Büyükerşen “İlçe belediyelerimiz ile birlikte Alpu Fevziye ve Seyitgazi Taşlık Mahallelerimizde başlattığımız küçükbaş hayvancılığı destekleme projemiz ile büyükbaş hayvancılıktan sonra küçükbaş hayvancılığın üretimini de desteklemeye başladık. Kurduğumuz ve kuracağımız tesisler, sadece bir üretim merkezi olmayacak, aynı zamanda çiftçimizin her daim hizmetinde, adeta bir okul gibi çalışacak. Buralarda genç üreticilere eğitimler vereceğiz. Kendi personel ve araçlarımızla kamu kaynaklarını daha etkin ve tasarruflu kullanarak üreticiye destek olacağız. Bu tesislerde sayısı artacak küçükbaş hayvanları, sözleşmeli tarıma dayalı bir şekilde köylümüze destek olarak, hem canlı hayvan desteği hem de yem ve tohum desteği sağlayacağız. Hayvancılık ile ilgili yaptığım araştırmalarda çok üzücü sonuçlar gördüm. Örneğin, ülkemizde her yıl bir milyon buzağı, dört milyon kuzu kaybediyoruz. Uzmanlar, ‘çiftçimize doğru tentürdiyot kullanmayı öğretebilsek bu ölümleri oldukça azaltabileceğimizi’ belirtiyor. Avrupa ülkelerinde kuzu ölümlüleri %5’i geçmezken, ülkemizde bu oran maalesef %25. Bu ölümlerin yarısının dahi önüne geçsek yurt dışından hayvan ithal etmeye gerek kalmayacak. İthalata dayalı olmayan, doğru politikalarla kısa bir sürede tarımı ülkemizin yeniden Cumhuriyet’in ilk yıllarında olduğu gibi Avrupa’nın yükselen yıldızı olacağına inancım tam, yeter ki isteyelim! Eskişehirli çiftçimiz, maalesef ıslah edilmiş meranın faydalarını bilmiyor. Islah edilmiş meralar küçükbaş hayvancılıkta 2,5 kat, büyükbaş hayvancılıkta ise 1,5 kat ek verim sağlıyor. Merak edenler Sayıştay’ın meralarla ilgili 2017 yılı denetim raporuna baksın. Raporda, meraların; turizm alanı, termik santral, konut, fabrika, taş ocağı gibi farklı amaçlarla işgale uğradığını ve mera ıslahının ülkemizde yetersiz olduğunun belirtildiğini açıkça görecekler. Söylemekten büyük üzüntü, hatta utanç duyuyorum ama yeri gelmişken belirteyim: 1970-2017 döneminde yaklaşık 21 milyon hektar olan mera alanları, 2020 yılı itibariyle 11 milyon hektara düşmüş. Mera alanlarımızı neredeyse yarı yarıya kaybettik” diye konuştu.

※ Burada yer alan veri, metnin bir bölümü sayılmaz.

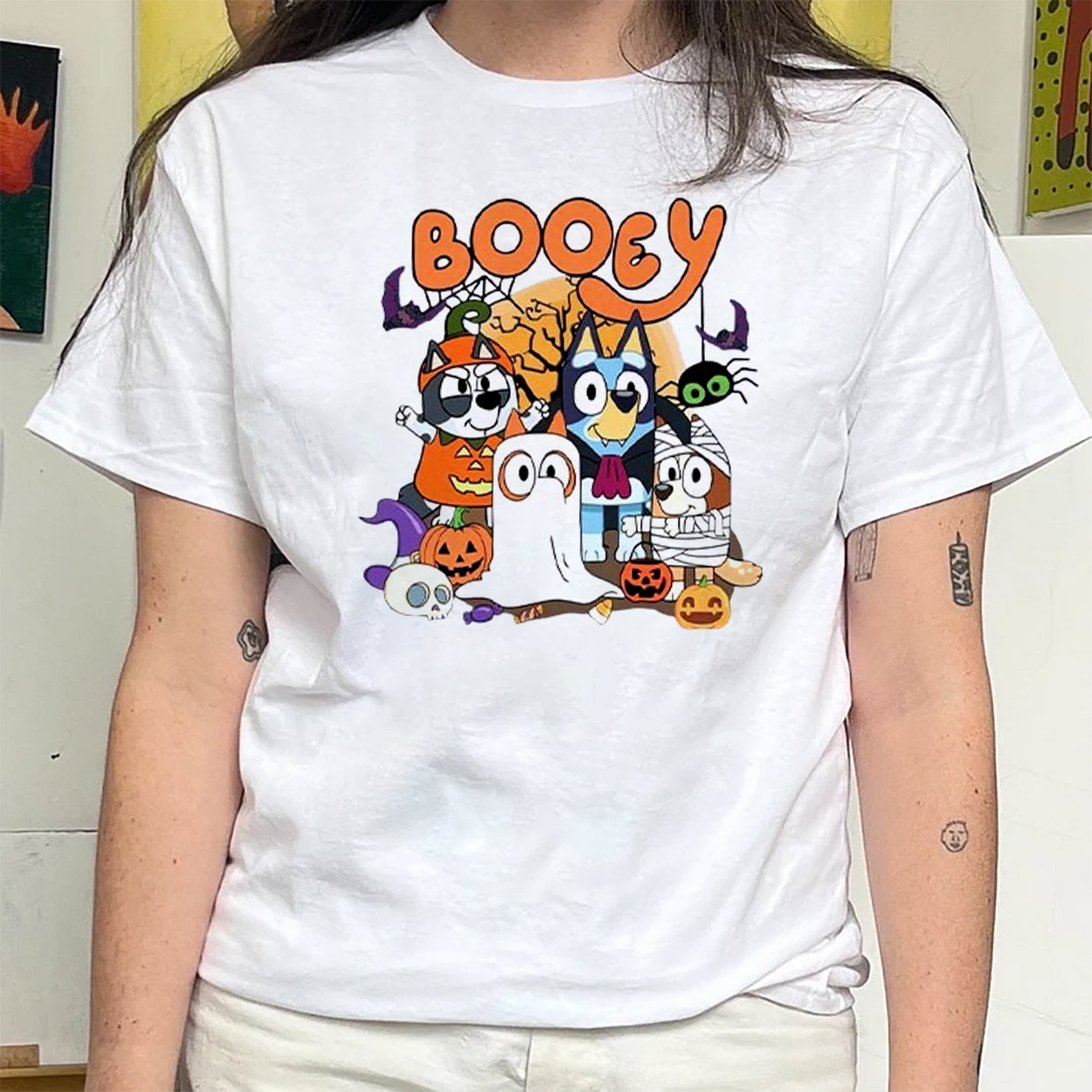 Booey Halloween Bluey Cartoon Holiday T-shirt Booey Halloween Bluey Cartoon Holiday T-shirt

“Yeniden, köylüyü bu milletin efendisi yapmak istiyoruz”
Hayvan ithalatından öte çobanların bile artık ithal olduğuna vurgu yapan Büyükerşen, “Biz kökleri köyde olan ama iş bulma umuduyla kente gitmiş asgari ücrete çalışan genç evlatlarımız yeniden ata topraklarına dönsün, bu ülkede üretime katkı sağlasınlar istiyoruz. Bu işi nasıl yapacağını bilmeyen evlatlarımızın, hayvan, fide, fidan desteklerimizle, kendi işlerinin patronları olsunlar istiyoruz. Gururla ‘çobanım’, ‘çiftçiyim’ diyebilen gençlerdir bu ülkenin umudu. Atatürk’ün ‘köylü milletin efendisidir” sözünden yola çıkarak, yeniden köylüyü bu milletin efendisi yapmak istiyoruz. Çünkü kurtuluşumuz doğru tarım politikalarıyla gerçekleşecek tarımsal kalkınmadan geçiyor” ifadelerini kullandı.